Family ‘still homeless’ 2 weeks after fire destroys their home

Two weeks after a fire displaced them from their home in Centerville-Washington Twp., Courtney Robinson and her partner and their four children are essentially homeless.

Robinson said she called and asked the management at the Chevy Chase Park Apartments whether there was a guarantee for the family to return to the government subsidized apartment on Loganwood Drive, where they had lived in for three years.

“There’s no guarantee, they’re treating it as I started the fire, and I just really don’t appreciate that,” Robinson told News Center 7’s Natalie Jovonovich on Tuesday night.

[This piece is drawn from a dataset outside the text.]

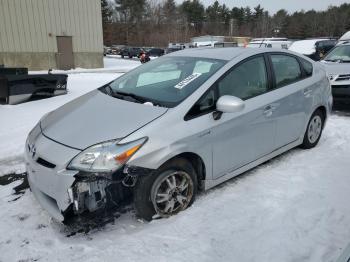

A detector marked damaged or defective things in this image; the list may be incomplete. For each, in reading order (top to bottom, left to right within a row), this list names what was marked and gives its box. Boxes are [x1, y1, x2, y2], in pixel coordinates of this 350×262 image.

crumpled hood [41, 90, 167, 149]
broken headlight [67, 138, 147, 173]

The Washington Twp. fire marshal ruled the Oct. 5 fire an accident. The "rapid moving fire" was started when a lamp fell onto a bed in Robinson's townhome.

An injured firefighter, an estimated $200,000 in damage and the loss of priceless personal possessions later, Robinson’s family members now find themselves living with relatives in Jefferson Twp. — “I mean yes, we are staying with my mom now, but we’re still homeless” — and accepting donations because the fire took everything they had.

“My kid’s schools, they’ve been helping out a lot, a lot. If it wasn’t for those schools, I don’t even know where we would be right now,” she said.

Chevy Chase has units, Robinson said, but her family hasn’t been allowed to move in. The family did receive some funds from the Red Cross for temporary housing at a hotel. She has called social service agencies as well, to no avail.

“They told us to go to a homeless shelter and we would get help faster with finding an apartment,” Robinson said. “But when I called the shelter, I called the YWCA for the families and they told me that’s for domestic violence only. So again, up against the wall, there’s nothing that we can do.”

Jovonovich reached out to HUD officials, who directed her to the department’s office in Illinois for comment. The HUD official in Illinois has yet to respond to her request for an interview.